(Short descriptive text snippets)

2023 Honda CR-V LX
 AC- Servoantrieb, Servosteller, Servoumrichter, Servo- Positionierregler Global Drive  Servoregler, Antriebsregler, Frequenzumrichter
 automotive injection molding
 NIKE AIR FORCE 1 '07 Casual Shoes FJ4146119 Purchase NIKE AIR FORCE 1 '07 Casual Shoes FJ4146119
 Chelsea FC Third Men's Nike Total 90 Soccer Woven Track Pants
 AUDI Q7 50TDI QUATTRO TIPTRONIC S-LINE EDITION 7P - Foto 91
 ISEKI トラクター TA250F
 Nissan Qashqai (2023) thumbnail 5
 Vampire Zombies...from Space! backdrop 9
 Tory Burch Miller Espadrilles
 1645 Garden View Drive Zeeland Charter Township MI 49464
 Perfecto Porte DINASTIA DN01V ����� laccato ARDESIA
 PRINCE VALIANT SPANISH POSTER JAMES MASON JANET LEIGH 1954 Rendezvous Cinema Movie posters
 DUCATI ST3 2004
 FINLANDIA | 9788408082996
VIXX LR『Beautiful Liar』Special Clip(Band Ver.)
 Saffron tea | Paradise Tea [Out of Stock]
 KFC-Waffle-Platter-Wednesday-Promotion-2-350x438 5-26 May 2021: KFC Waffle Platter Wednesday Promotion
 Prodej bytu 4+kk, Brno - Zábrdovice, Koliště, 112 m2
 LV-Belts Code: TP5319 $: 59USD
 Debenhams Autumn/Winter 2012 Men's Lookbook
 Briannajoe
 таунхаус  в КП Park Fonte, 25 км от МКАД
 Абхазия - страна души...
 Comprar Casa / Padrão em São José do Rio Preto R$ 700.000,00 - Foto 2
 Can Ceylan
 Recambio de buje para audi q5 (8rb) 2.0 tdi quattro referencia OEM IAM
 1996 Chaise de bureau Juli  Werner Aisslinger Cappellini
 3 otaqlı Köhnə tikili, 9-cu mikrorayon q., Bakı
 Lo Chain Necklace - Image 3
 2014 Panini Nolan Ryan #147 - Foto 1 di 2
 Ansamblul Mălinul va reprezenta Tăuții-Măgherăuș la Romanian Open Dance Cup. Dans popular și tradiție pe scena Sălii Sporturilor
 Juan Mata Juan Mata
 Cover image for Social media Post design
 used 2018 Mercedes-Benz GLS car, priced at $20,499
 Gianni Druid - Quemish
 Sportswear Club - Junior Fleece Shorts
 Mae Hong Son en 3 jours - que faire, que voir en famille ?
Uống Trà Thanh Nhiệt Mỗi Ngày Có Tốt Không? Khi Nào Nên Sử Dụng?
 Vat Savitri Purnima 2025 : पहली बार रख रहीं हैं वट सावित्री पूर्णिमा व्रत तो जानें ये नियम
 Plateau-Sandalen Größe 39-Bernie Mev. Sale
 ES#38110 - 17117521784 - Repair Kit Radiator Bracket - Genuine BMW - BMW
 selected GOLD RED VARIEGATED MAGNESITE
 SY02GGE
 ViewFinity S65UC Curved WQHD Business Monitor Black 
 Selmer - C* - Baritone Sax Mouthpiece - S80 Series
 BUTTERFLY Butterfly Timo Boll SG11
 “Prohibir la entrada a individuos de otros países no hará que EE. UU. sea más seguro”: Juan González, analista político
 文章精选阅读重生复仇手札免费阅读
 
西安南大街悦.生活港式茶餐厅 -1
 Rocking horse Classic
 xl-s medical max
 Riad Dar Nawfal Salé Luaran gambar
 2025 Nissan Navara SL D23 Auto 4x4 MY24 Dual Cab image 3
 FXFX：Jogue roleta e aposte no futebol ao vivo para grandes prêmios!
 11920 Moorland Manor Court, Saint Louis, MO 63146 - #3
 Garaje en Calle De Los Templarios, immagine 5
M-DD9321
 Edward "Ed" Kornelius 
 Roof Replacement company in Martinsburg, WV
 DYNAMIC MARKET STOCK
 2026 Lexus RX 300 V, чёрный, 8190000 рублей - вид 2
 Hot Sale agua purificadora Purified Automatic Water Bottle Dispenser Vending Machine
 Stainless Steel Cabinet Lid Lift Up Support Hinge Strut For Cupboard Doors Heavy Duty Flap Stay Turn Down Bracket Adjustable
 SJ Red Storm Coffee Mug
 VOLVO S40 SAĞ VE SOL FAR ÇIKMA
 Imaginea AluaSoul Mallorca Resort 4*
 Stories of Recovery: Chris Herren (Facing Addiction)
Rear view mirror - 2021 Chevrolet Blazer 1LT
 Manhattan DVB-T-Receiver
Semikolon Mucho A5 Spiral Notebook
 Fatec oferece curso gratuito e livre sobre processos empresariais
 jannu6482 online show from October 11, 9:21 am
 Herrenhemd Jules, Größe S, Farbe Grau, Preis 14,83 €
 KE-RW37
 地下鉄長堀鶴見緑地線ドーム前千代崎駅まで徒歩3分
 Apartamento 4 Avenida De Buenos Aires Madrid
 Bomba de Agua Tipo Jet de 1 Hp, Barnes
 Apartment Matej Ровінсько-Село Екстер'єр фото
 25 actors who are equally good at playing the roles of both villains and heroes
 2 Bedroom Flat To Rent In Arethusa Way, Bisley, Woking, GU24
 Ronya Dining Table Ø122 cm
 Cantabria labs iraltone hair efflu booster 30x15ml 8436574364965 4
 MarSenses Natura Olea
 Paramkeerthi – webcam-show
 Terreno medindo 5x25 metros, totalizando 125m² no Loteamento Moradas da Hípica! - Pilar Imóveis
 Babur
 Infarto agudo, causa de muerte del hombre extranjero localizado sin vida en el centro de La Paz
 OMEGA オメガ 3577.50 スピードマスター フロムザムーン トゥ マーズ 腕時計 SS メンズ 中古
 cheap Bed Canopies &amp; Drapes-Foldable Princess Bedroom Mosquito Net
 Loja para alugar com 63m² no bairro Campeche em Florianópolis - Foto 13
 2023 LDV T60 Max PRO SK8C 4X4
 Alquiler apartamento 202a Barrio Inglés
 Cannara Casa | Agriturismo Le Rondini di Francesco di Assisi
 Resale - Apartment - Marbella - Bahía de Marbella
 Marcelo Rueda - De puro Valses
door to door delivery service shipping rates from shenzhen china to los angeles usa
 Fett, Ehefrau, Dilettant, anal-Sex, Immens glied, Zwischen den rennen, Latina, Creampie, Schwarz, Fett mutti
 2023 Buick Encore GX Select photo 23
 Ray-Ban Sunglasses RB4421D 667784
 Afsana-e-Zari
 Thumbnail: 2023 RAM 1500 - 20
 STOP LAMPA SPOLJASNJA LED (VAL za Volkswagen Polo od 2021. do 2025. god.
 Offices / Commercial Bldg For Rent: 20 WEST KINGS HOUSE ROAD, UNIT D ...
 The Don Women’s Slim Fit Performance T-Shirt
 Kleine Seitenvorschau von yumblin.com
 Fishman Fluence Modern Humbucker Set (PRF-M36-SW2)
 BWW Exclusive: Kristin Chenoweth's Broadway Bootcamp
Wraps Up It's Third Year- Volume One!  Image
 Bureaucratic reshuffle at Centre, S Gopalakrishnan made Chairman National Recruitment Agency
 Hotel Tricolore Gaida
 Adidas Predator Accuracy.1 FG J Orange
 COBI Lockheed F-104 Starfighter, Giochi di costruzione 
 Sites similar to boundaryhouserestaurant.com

Assigned task:
An exact copy of the lines above between the line holding "DYNAMIC MARKET STOCK" and the line holding "VOLVO S40 SAĞ VE SOL FAR ÇIKMA", inclusive, is the whole answer.

Answer section:
 DYNAMIC MARKET STOCK
 2026 Lexus RX 300 V, чёрный, 8190000 рублей - вид 2
 Hot Sale agua purificadora Purified Automatic Water Bottle Dispenser Vending Machine
 Stainless Steel Cabinet Lid Lift Up Support Hinge Strut For Cupboard Doors Heavy Duty Flap Stay Turn Down Bracket Adjustable
 SJ Red Storm Coffee Mug
 VOLVO S40 SAĞ VE SOL FAR ÇIKMA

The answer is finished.